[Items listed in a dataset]
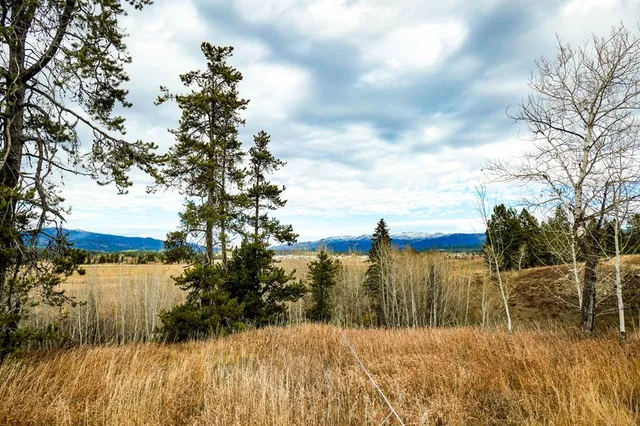 $325,000 | Lot 4 Wood Run Trail, Unit 4, McCall, ID 83638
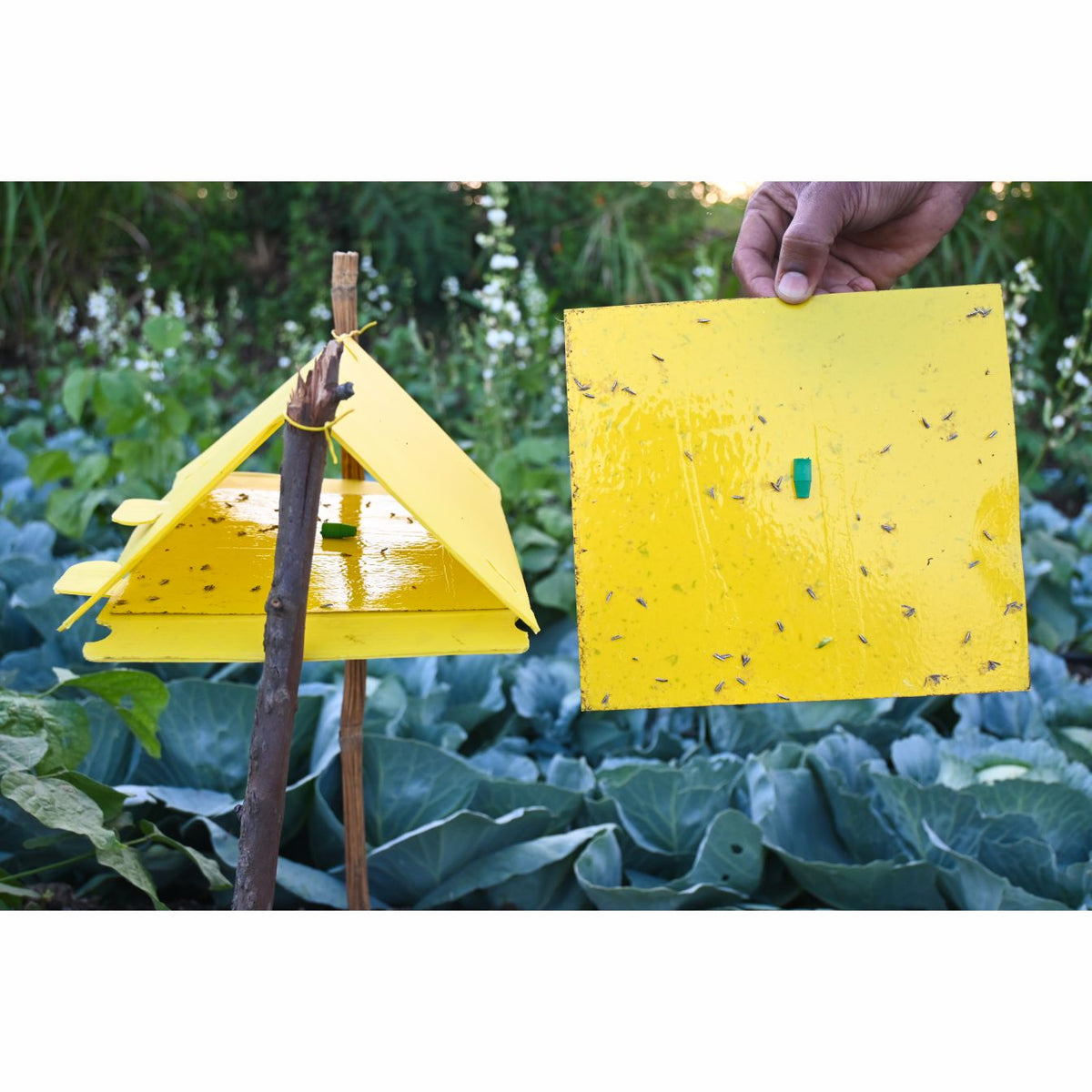 Delta Trap With DBM Lure For DiamondBack Moth(Plutella xylostella) | Pheromone Trap For Cabbage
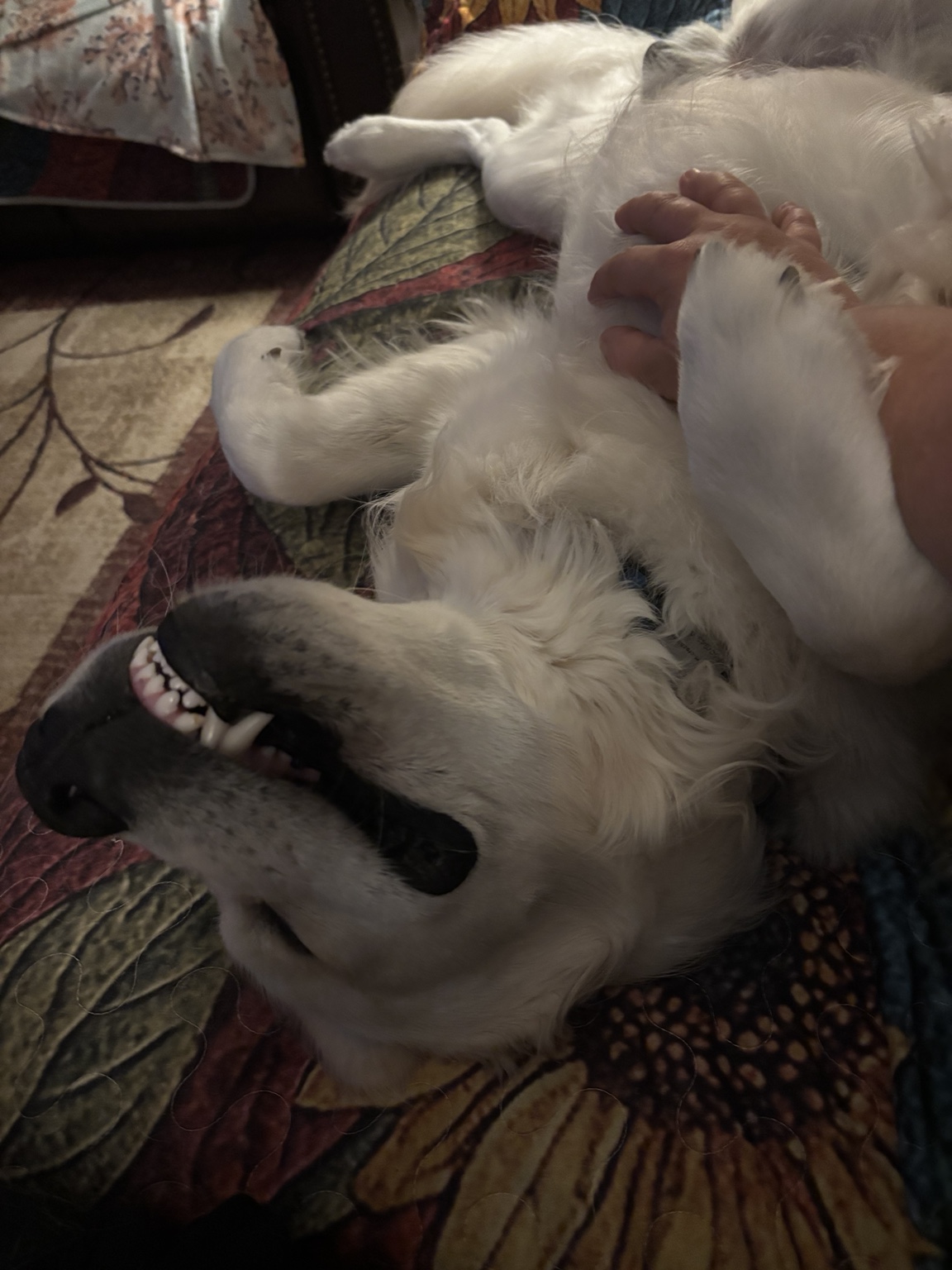 Relaxed dog at home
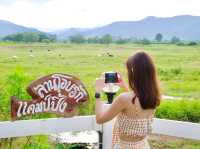 ลานโอบรักแคมป์ปิ้ง & Tree’N Bear Cafe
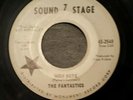 THE FANTASTICS: HIGH NOTE/THAT ONE 7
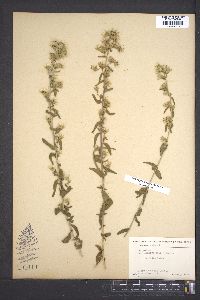 Image of Coleosanthus scaber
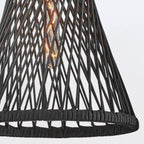 QN-TWYLA-1P-BK Twyla 1 Light Pendant Black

#### Problem to solve:
Only the lines from the one with "ลานโอบรักแคมป์ปิ้ง & Tree’N Bear Cafe" through the final line of the entries above are to be repeated, exactly as written and without pictures.

#### Answer box:
 ลานโอบรักแคมป์ปิ้ง & Tree’N Bear Cafe
 THE FANTASTICS: HIGH NOTE/THAT ONE 7
 Image of Coleosanthus scaber
 QN-TWYLA-1P-BK Twyla 1 Light Pendant Black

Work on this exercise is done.